**WHAT IS REQUIRED:** Having found the line that holds "this 160×240 image.", give that line and all lines after it again, word for word, through the end of the data below.

-- SUPPLIED DATA follows --

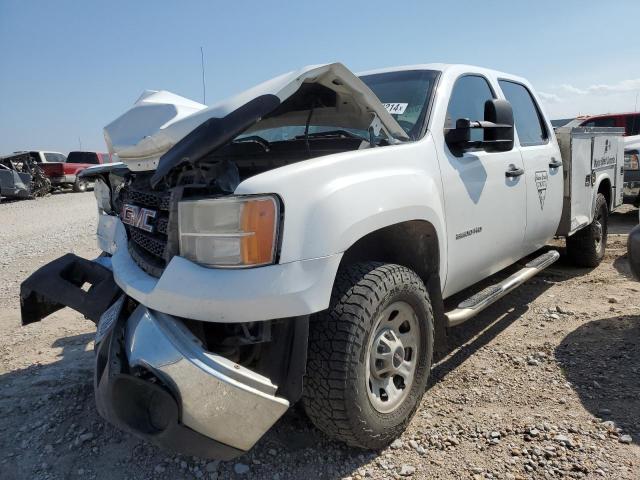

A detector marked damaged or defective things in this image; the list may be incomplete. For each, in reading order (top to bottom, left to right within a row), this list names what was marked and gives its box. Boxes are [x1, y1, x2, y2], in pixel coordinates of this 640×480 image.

damaged headlight [93, 177, 112, 213]
front fender damage [20, 253, 122, 324]
crashed front end [21, 62, 410, 458]
damaged headlight [180, 196, 280, 270]
cracked bumper [95, 304, 290, 458]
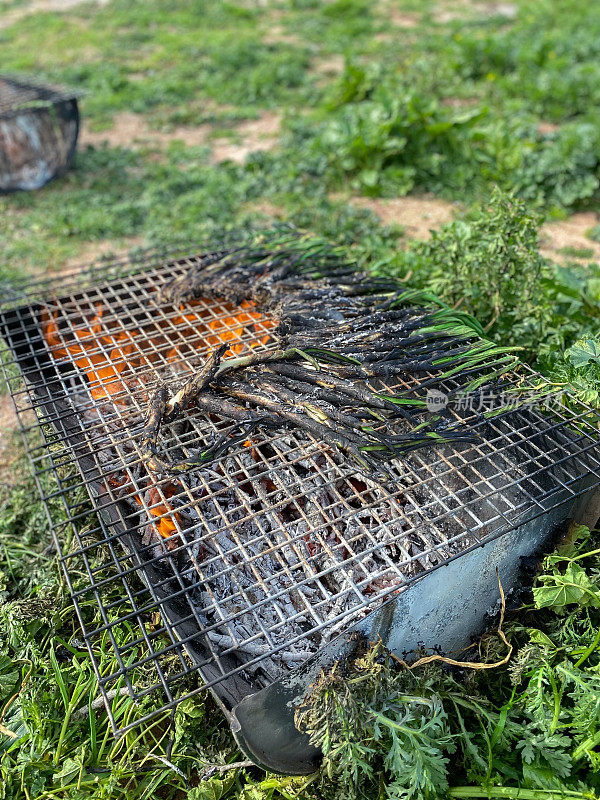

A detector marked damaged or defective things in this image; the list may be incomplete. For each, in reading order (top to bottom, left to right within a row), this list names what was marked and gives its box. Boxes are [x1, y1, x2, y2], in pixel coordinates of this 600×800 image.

burnt wood ember [0, 75, 80, 194]
burnt wood ember [2, 238, 596, 752]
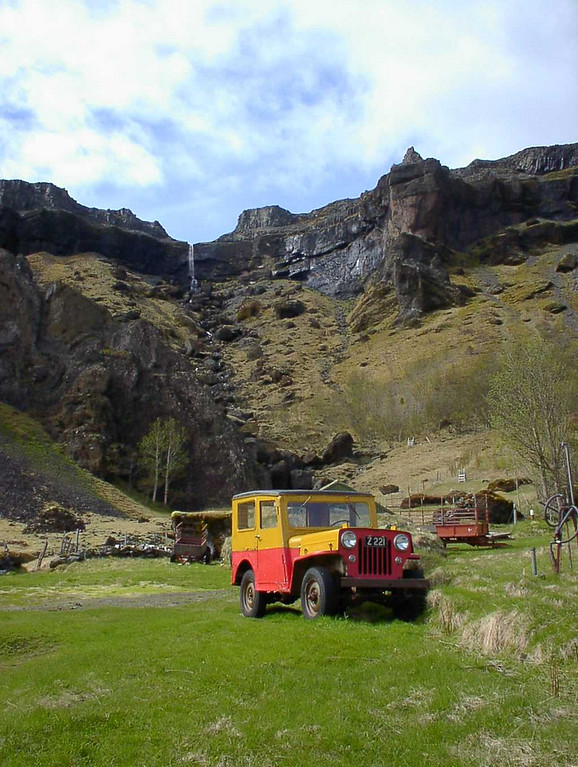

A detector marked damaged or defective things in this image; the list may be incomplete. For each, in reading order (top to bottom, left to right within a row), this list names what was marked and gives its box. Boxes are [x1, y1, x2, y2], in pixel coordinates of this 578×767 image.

rusty wheel [238, 568, 266, 616]
rusty wheel [300, 568, 336, 620]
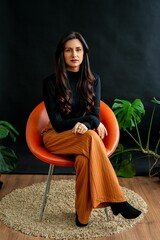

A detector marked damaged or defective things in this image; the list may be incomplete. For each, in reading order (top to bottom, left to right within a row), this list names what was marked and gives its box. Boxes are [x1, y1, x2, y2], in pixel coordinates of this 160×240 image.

rust corduroy trousers [41, 123, 126, 224]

-- SUPPLIED DATA concluded --

**SOLUTION TO THIS EXERCISE:**
A detector marked damaged or defective things in this image; the list may be incomplete. For each, in reading order (top to bottom, left to right within a row), this list names what was marked and gives its box. Boxes are [x1, y1, x2, y2], in pixel coordinates of this 160×240 image.

rust corduroy trousers [41, 123, 126, 224]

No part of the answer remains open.